Dataset records:
>>
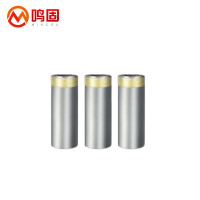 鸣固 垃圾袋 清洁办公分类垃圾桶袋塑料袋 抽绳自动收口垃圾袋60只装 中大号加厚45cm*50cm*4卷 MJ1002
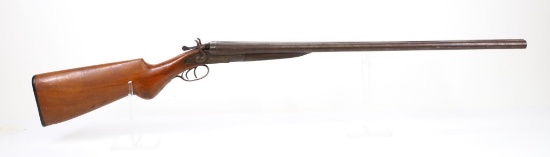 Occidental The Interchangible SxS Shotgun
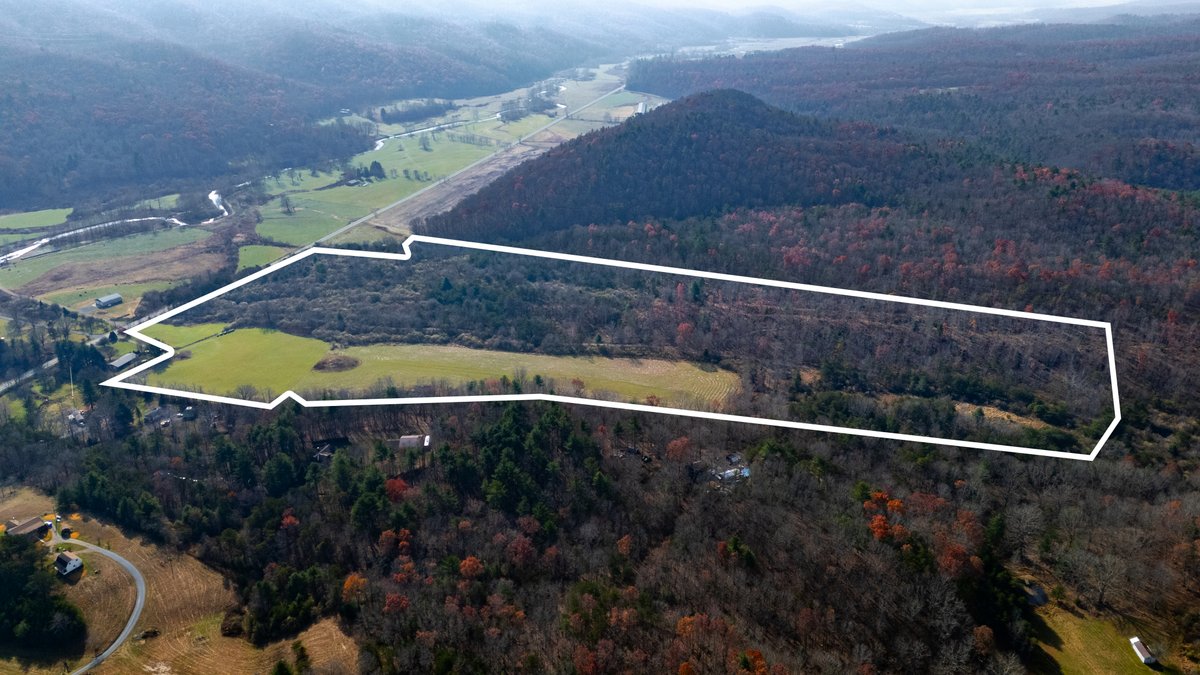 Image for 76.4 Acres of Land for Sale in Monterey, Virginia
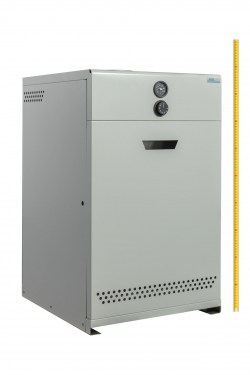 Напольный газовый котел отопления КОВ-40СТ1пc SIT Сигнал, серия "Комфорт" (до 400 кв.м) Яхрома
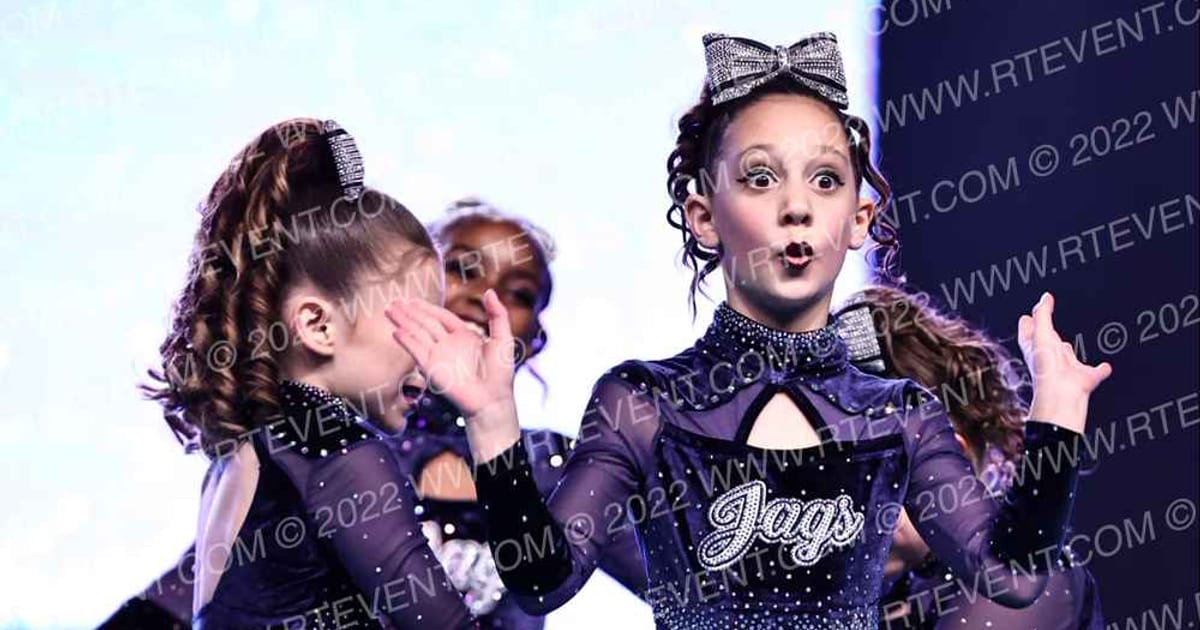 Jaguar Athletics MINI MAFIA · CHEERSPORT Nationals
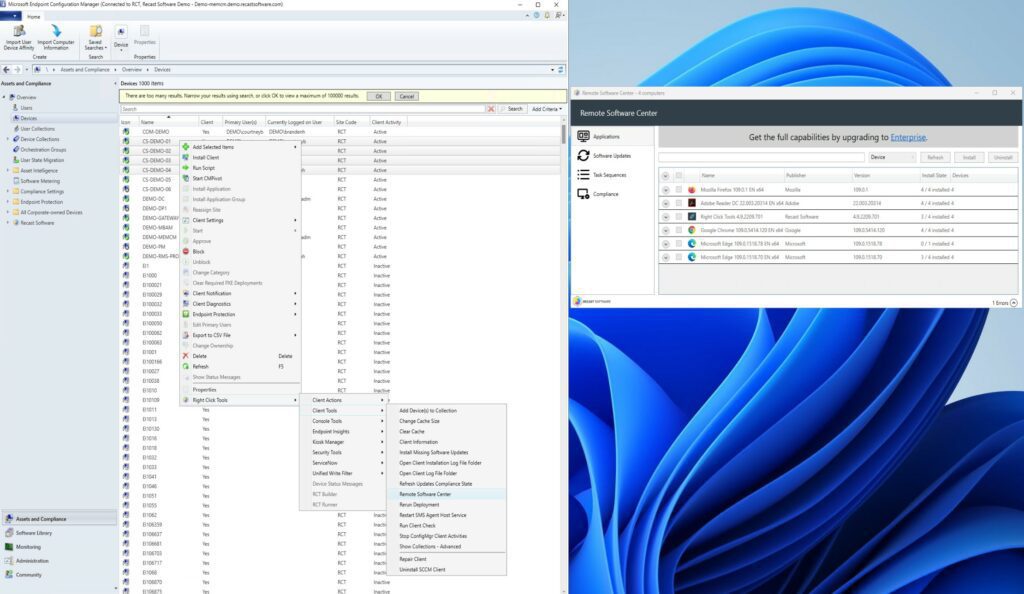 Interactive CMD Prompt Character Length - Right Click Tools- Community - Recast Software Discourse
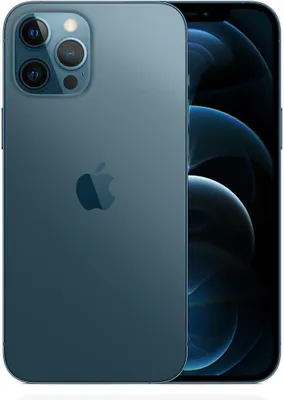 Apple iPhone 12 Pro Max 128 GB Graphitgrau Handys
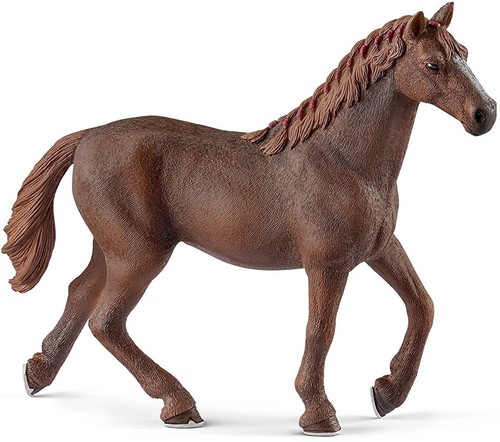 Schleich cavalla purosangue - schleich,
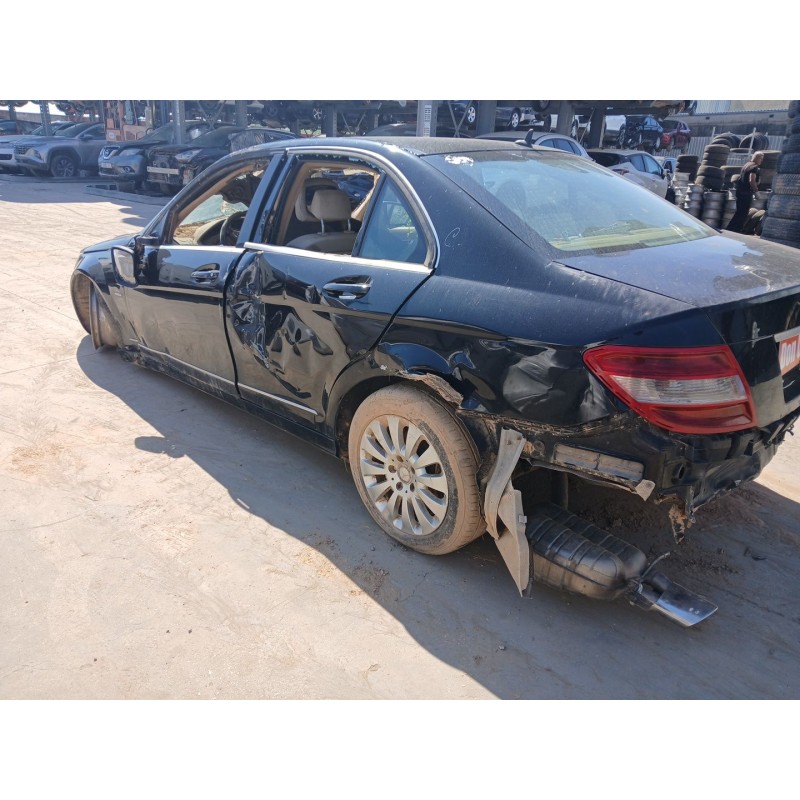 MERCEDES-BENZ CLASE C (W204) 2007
<<
>>
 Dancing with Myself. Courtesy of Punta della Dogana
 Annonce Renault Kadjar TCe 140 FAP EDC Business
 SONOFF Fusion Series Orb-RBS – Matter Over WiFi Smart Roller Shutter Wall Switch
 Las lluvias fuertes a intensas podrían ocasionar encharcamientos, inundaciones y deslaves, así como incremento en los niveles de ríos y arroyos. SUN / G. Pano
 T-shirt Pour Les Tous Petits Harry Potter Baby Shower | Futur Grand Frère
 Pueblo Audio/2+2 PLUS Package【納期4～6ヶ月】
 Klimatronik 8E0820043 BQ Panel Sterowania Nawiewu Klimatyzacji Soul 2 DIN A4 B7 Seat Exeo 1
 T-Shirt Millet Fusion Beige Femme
<<
● **Task**: Look through the entries above and quote exactly the lines from the line with "Las lluvias fuertes" to the line with "T-Shirt Millet Fusion Beige Femme", counting both of those lines.

● **Response area**:
 Las lluvias fuertes a intensas podrían ocasionar encharcamientos, inundaciones y deslaves, así como incremento en los niveles de ríos y arroyos. SUN / G. Pano
 T-shirt Pour Les Tous Petits Harry Potter Baby Shower | Futur Grand Frère
 Pueblo Audio/2+2 PLUS Package【納期4～6ヶ月】
 Klimatronik 8E0820043 BQ Panel Sterowania Nawiewu Klimatyzacji Soul 2 DIN A4 B7 Seat Exeo 1
 T-Shirt Millet Fusion Beige Femme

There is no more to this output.